## What is required:
Task for the records below: please copy exactly, and only, the lines from the one containing "心から感謝しています✨ https://t.co/gZxqOWGFjO" to the last line, both included, leaving out the pictures.

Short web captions
****************************************

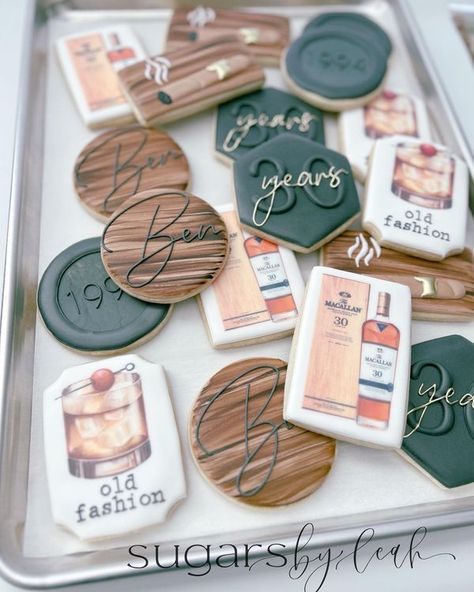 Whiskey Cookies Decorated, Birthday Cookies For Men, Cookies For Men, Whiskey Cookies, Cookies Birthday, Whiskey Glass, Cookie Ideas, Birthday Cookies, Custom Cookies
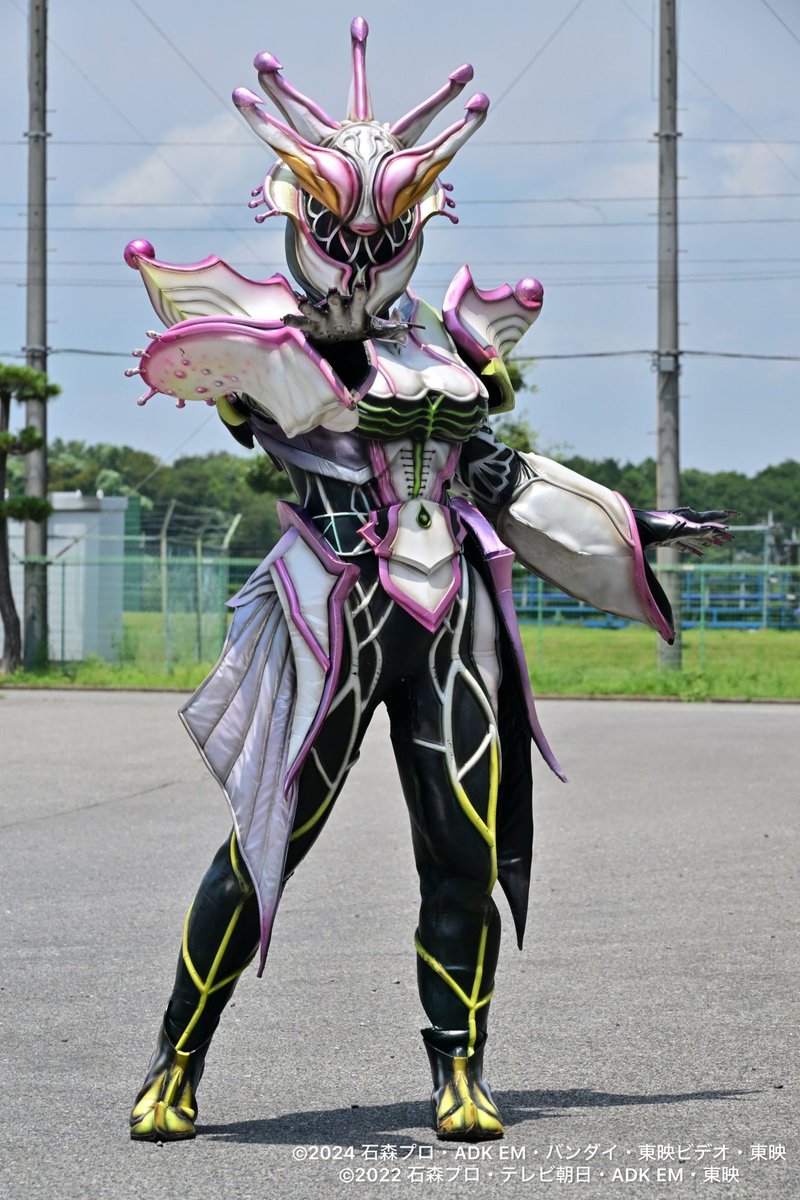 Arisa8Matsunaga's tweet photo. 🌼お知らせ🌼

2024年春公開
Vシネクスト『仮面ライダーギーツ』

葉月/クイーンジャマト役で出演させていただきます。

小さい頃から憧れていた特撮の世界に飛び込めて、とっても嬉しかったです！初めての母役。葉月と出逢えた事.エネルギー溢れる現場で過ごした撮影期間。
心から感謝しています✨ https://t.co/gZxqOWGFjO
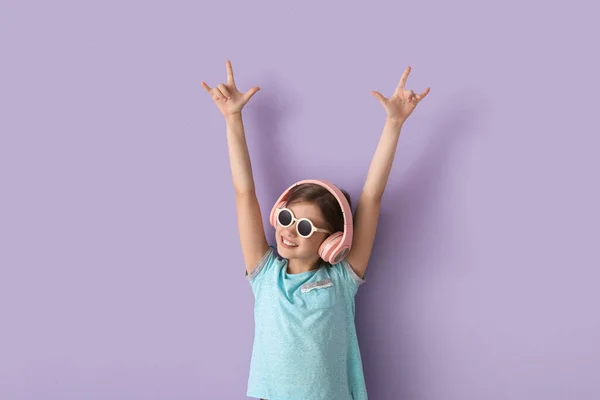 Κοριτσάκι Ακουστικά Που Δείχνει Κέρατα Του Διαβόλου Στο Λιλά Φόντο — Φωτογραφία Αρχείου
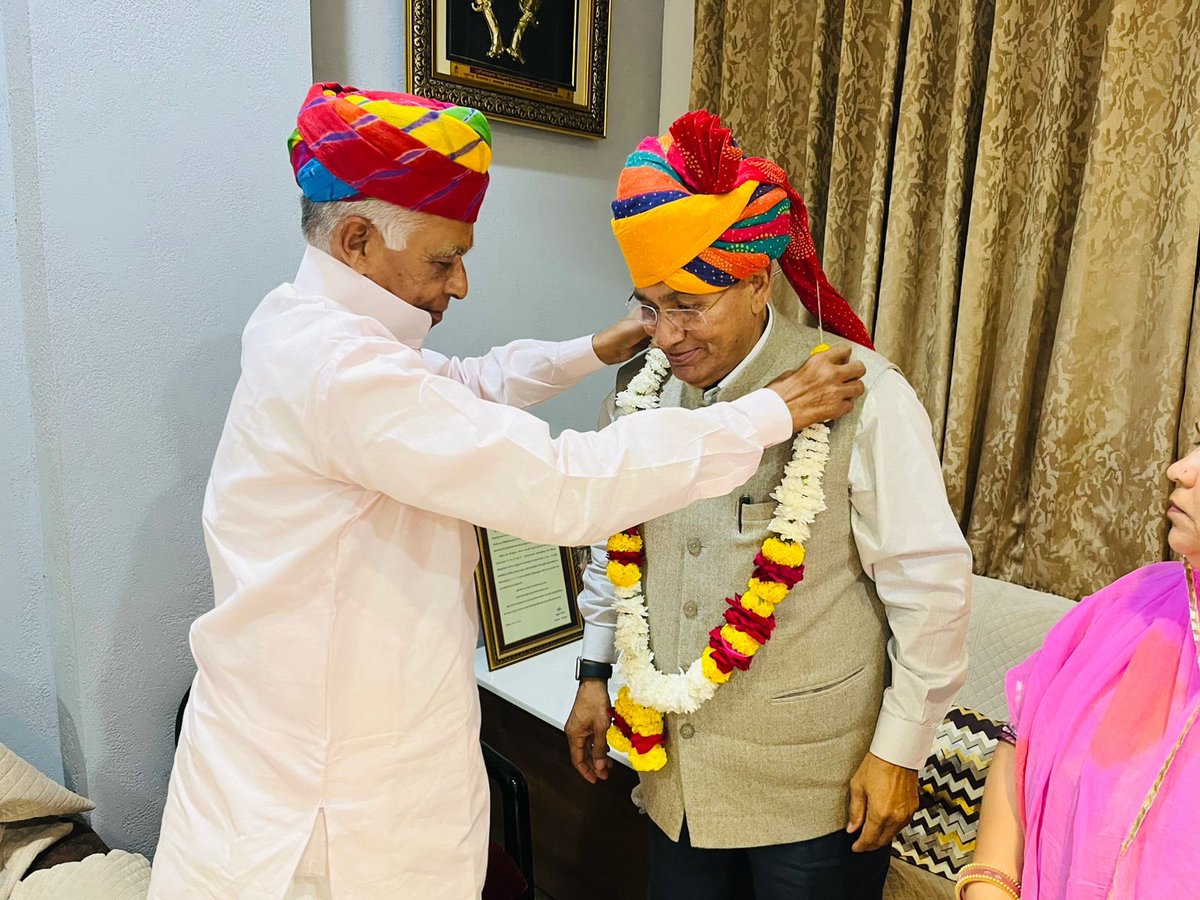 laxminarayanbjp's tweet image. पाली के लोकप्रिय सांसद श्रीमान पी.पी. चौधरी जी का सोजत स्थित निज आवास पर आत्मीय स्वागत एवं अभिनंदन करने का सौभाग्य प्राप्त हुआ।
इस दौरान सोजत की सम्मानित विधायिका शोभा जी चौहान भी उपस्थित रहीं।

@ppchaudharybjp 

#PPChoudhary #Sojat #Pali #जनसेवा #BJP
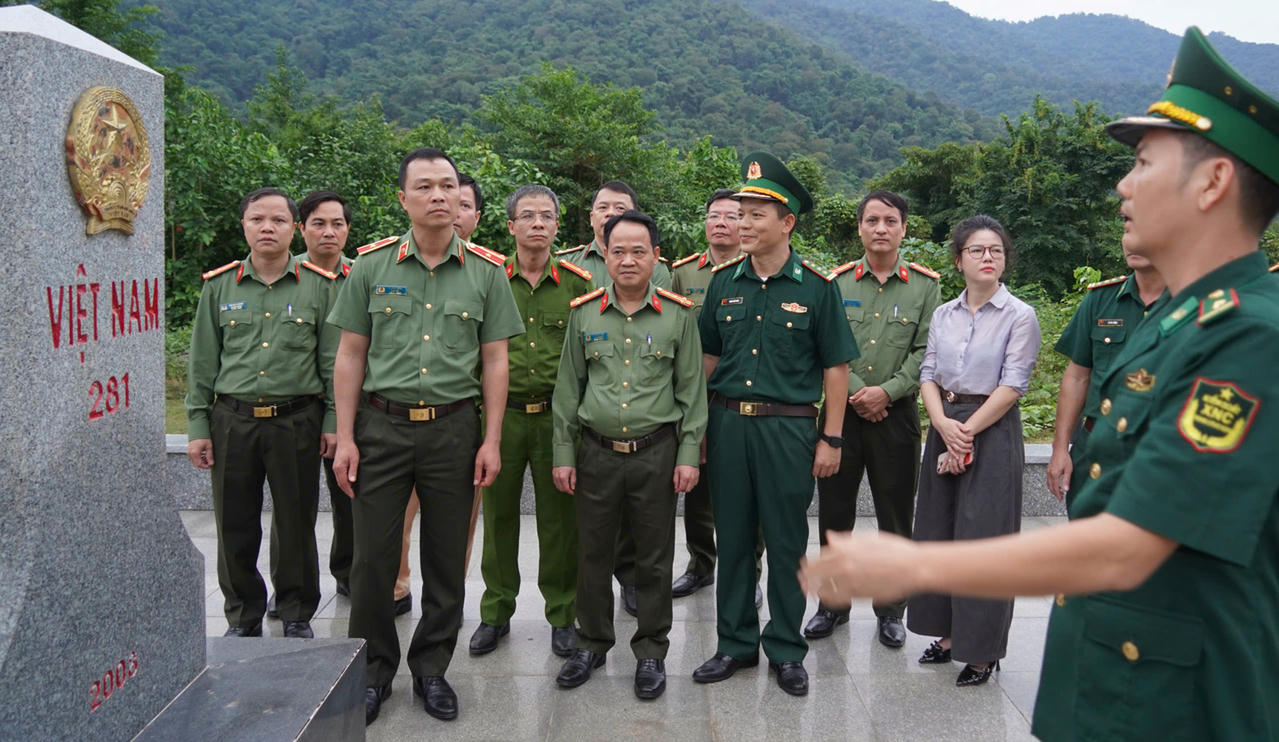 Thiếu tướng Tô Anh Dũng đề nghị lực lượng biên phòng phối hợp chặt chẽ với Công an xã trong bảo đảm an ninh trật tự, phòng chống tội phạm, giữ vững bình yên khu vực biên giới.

****************************************

## Response to the exercise:
心から感謝しています✨ https://t.co/gZxqOWGFjO
 Κοριτσάκι Ακουστικά Που Δείχνει Κέρατα Του Διαβόλου Στο Λιλά Φόντο — Φωτογραφία Αρχείου
 laxminarayanbjp's tweet image. पाली के लोकप्रिय सांसद श्रीमान पी.पी. चौधरी जी का सोजत स्थित निज आवास पर आत्मीय स्वागत एवं अभिनंदन करने का सौभाग्य प्राप्त हुआ।
इस दौरान सोजत की सम्मानित विधायिका शोभा जी चौहान भी उपस्थित रहीं।

@ppchaudharybjp 

#PPChoudhary #Sojat #Pali #जनसेवा #BJP
 Thiếu tướng Tô Anh Dũng đề nghị lực lượng biên phòng phối hợp chặt chẽ với Công an xã trong bảo đảm an ninh trật tự, phòng chống tội phạm, giữ vững bình yên khu vực biên giới.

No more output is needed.